Try it
Your copy should hold the lines below from the first through the one that contains "格納庫も過去作った物をリニューアルして使用しました。", each retyped exactly, and no pictures.

Data for processing
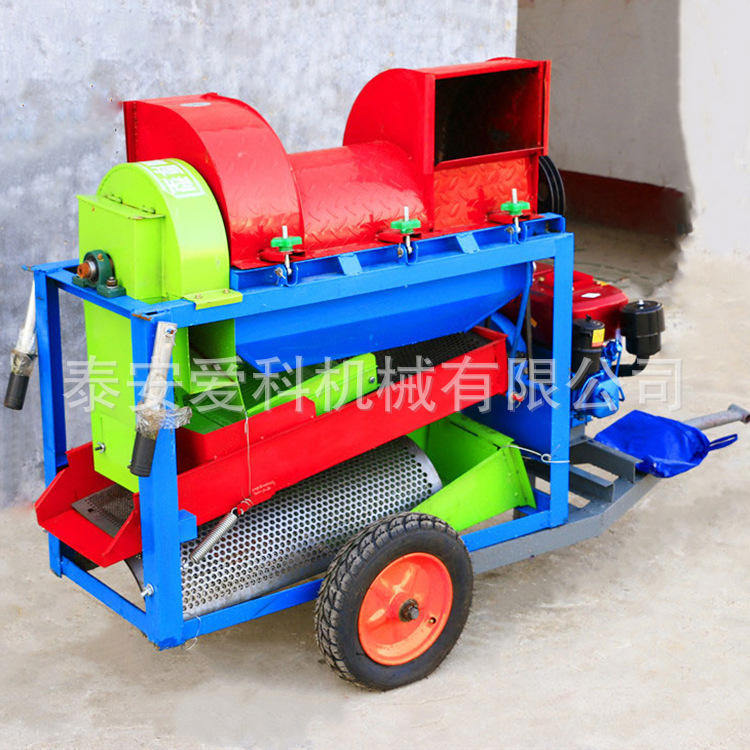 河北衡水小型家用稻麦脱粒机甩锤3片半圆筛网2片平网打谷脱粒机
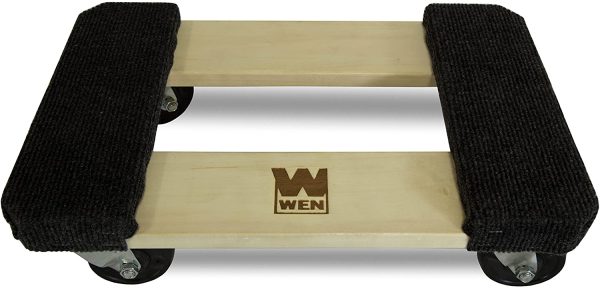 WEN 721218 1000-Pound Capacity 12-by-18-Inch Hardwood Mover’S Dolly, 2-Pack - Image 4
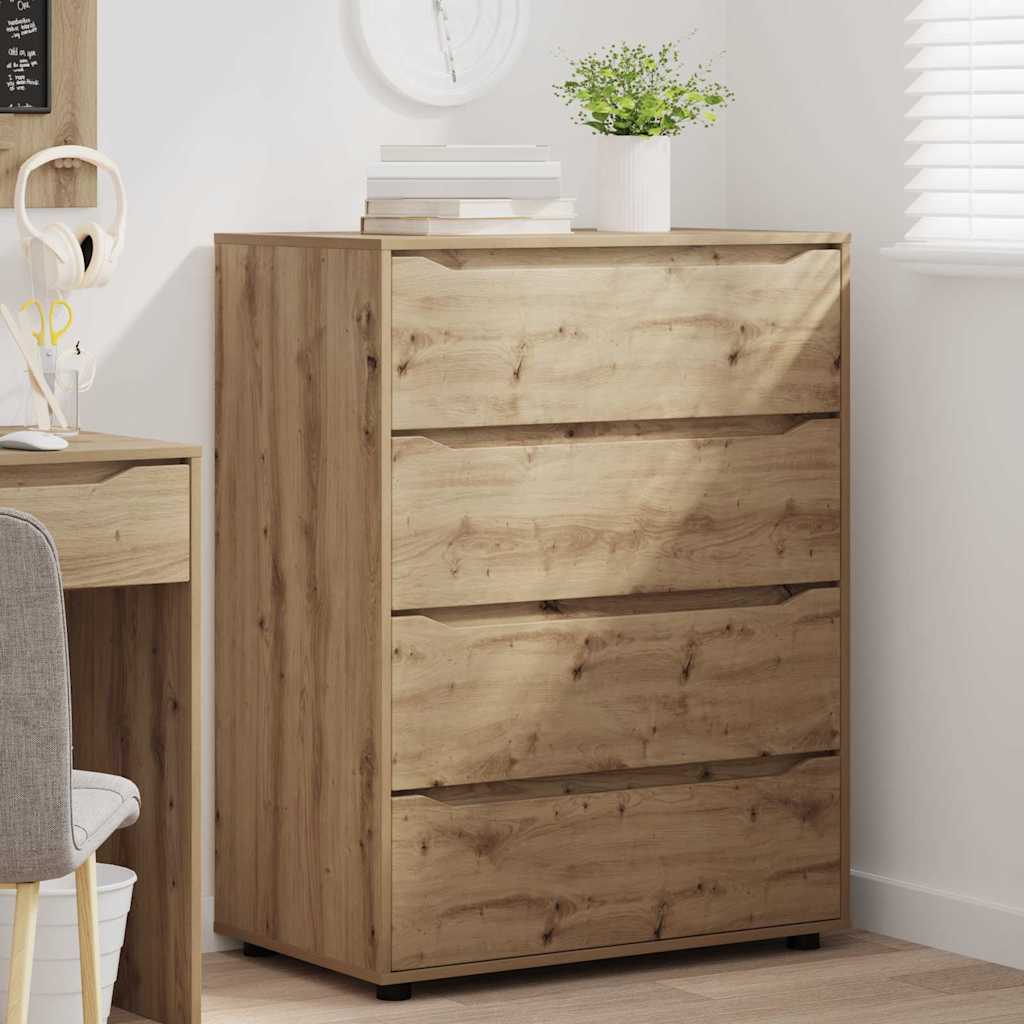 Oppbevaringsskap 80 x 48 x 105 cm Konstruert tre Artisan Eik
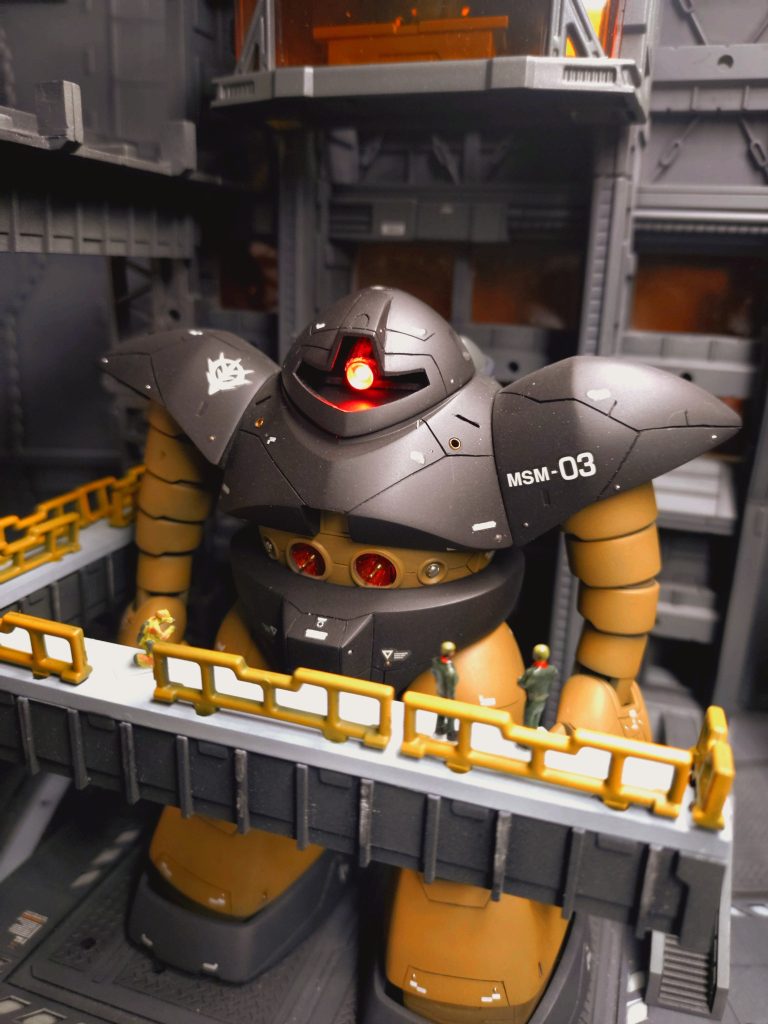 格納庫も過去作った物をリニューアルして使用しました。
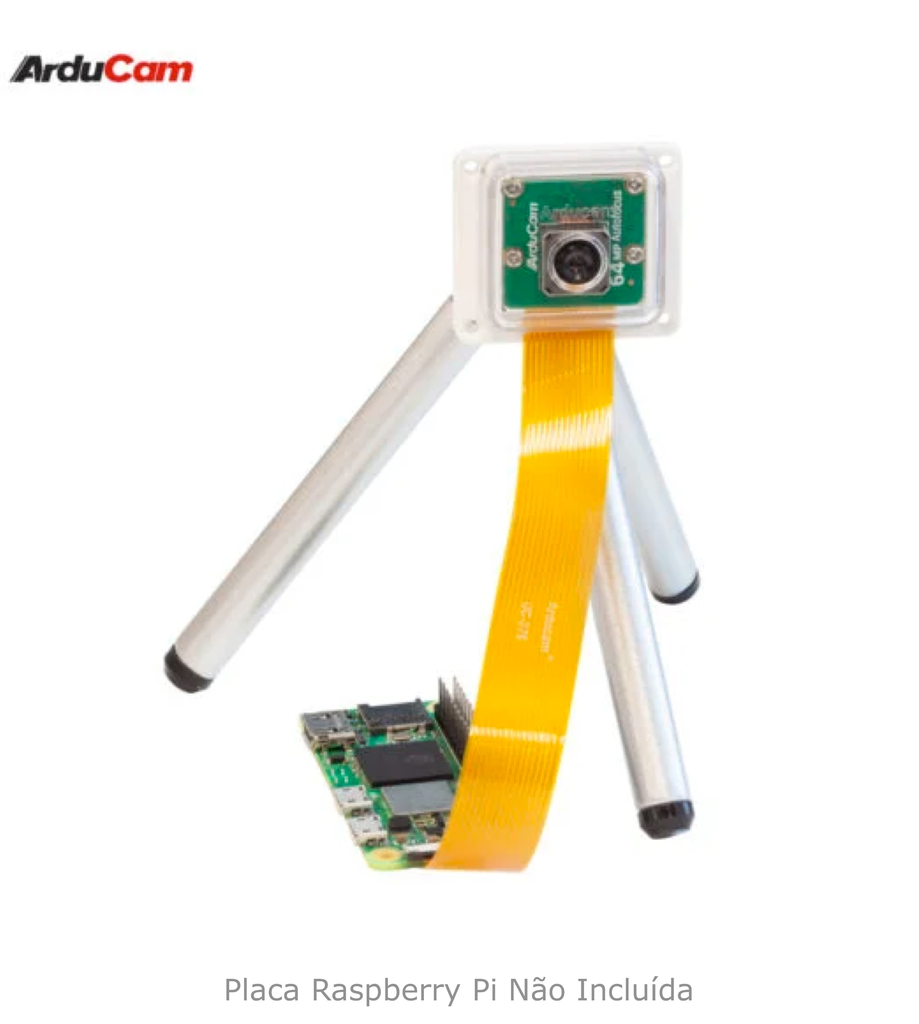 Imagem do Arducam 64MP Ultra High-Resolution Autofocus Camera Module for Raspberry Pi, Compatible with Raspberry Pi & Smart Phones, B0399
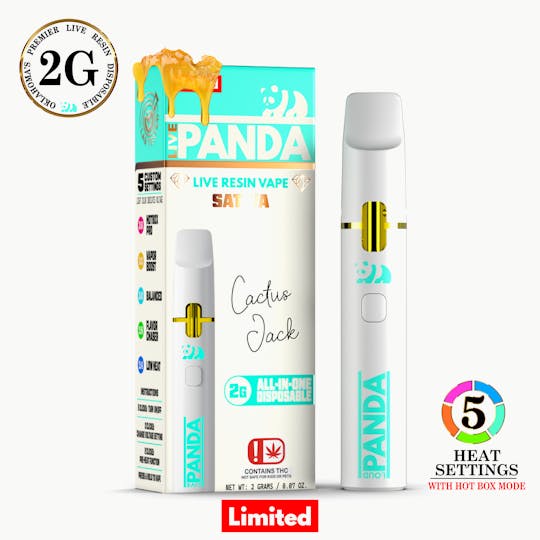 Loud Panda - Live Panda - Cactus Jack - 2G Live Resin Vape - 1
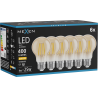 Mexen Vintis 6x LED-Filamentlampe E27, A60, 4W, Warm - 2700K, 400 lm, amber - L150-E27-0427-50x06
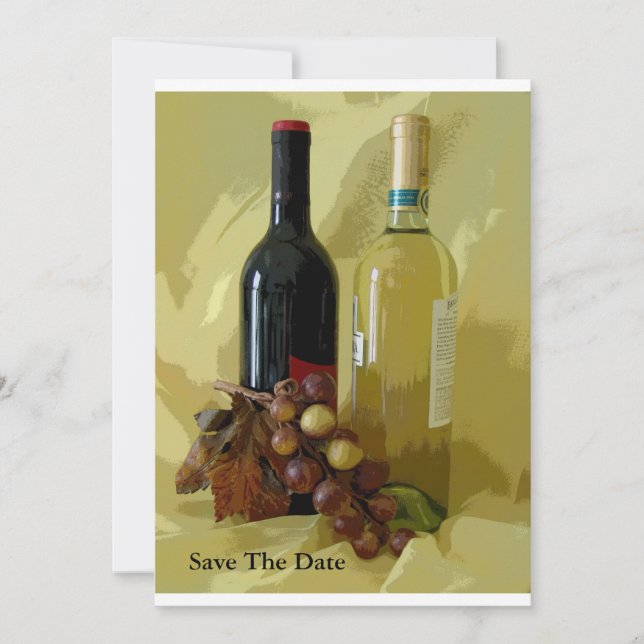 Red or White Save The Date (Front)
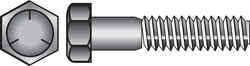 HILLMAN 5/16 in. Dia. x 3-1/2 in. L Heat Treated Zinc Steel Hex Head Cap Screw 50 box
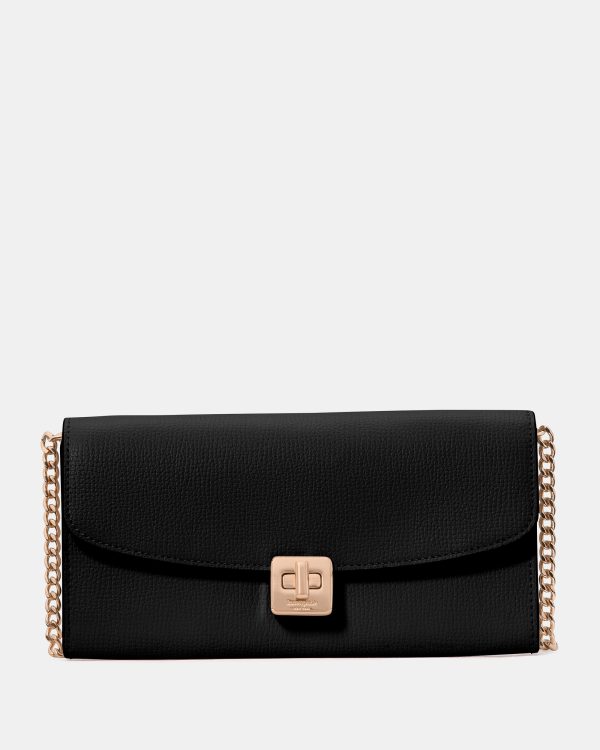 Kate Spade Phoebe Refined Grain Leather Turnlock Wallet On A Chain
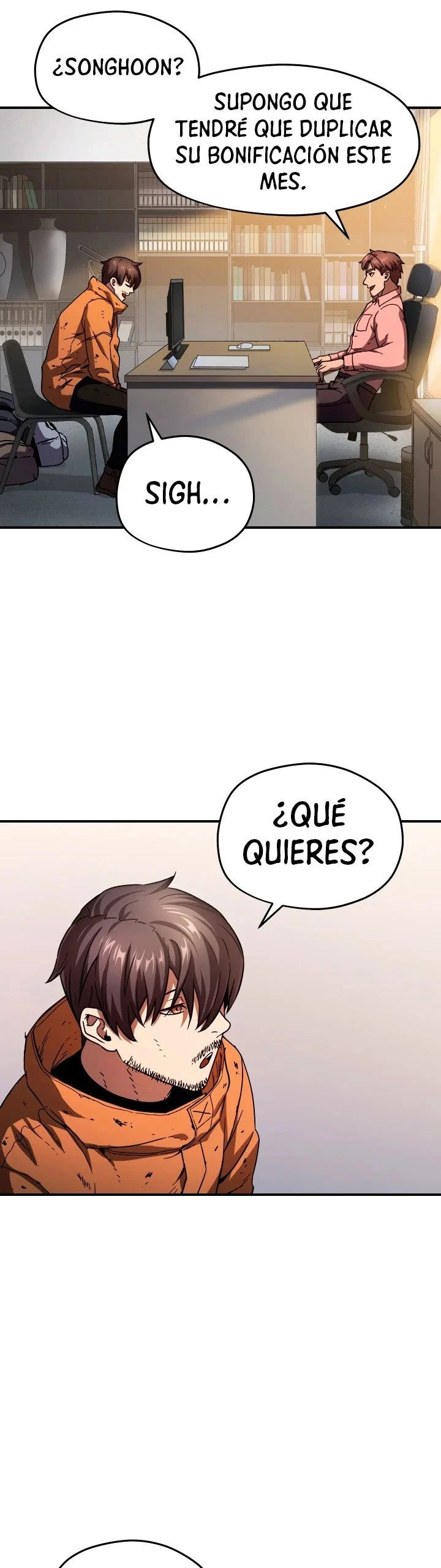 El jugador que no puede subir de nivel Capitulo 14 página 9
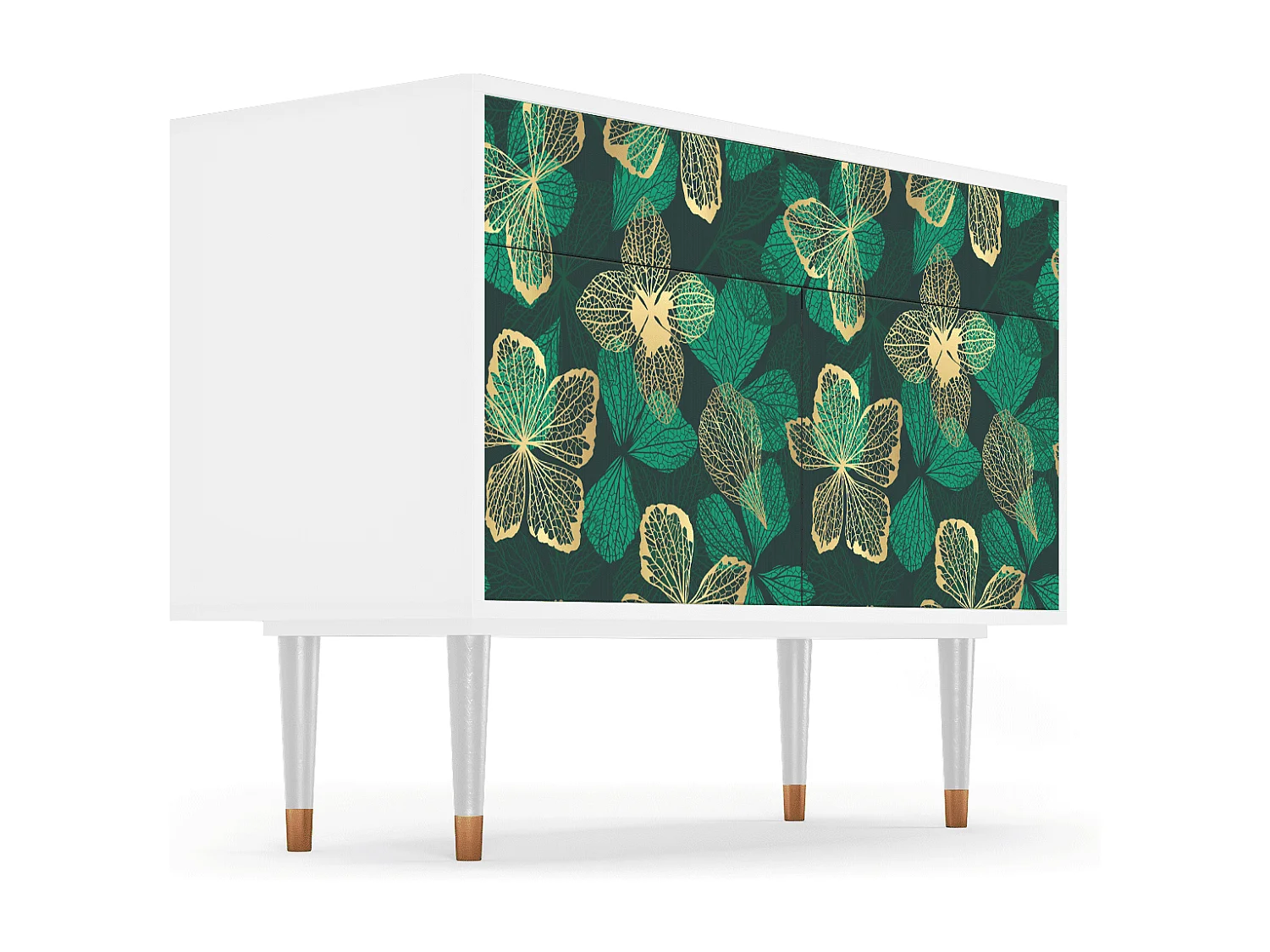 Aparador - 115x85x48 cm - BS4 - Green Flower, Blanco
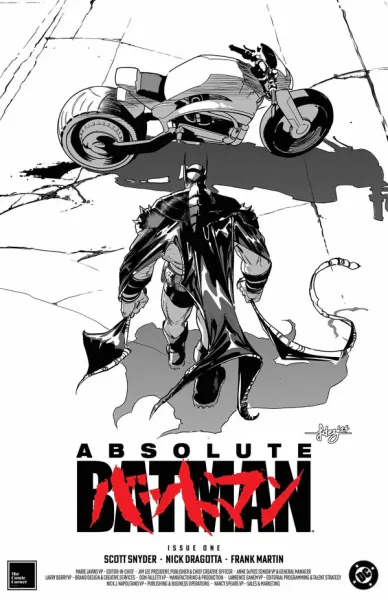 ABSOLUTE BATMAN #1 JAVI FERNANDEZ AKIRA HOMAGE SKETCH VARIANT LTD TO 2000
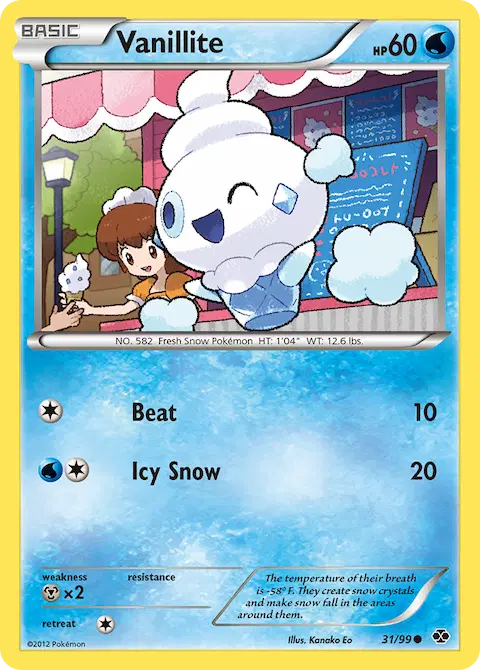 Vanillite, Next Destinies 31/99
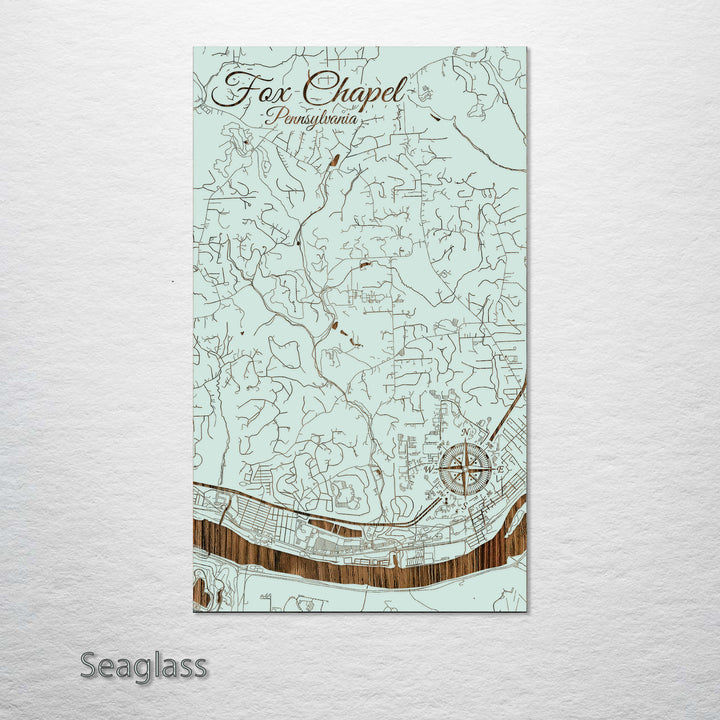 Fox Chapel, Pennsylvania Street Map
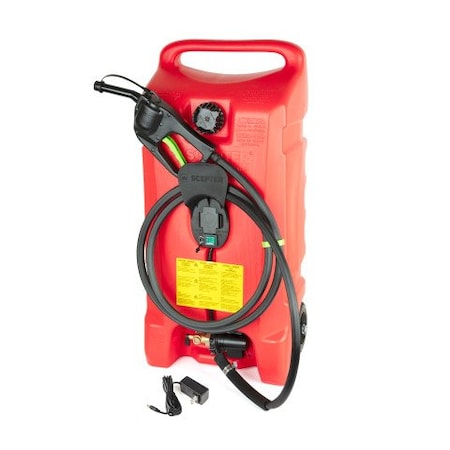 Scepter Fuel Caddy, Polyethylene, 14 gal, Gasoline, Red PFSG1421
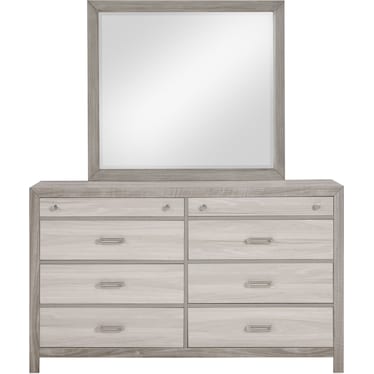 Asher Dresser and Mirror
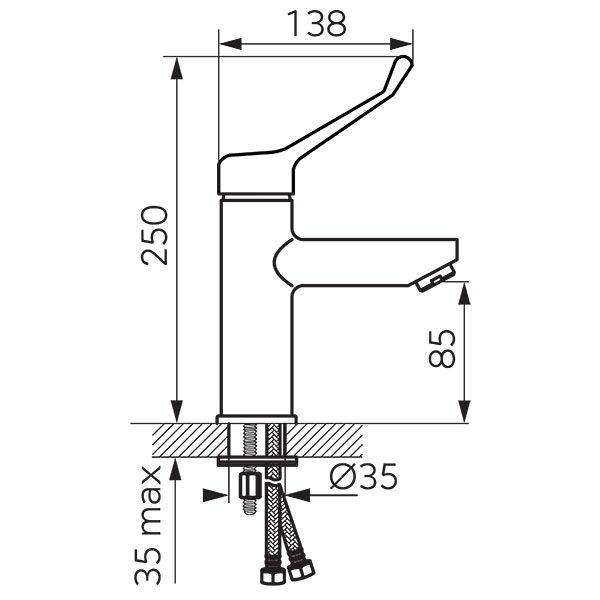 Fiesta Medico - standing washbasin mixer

Written answer
 河北衡水小型家用稻麦脱粒机甩锤3片半圆筛网2片平网打谷脱粒机
 WEN 721218 1000-Pound Capacity 12-by-18-Inch Hardwood Mover’S Dolly, 2-Pack - Image 4
 Oppbevaringsskap 80 x 48 x 105 cm Konstruert tre Artisan Eik
 格納庫も過去作った物をリニューアルして使用しました。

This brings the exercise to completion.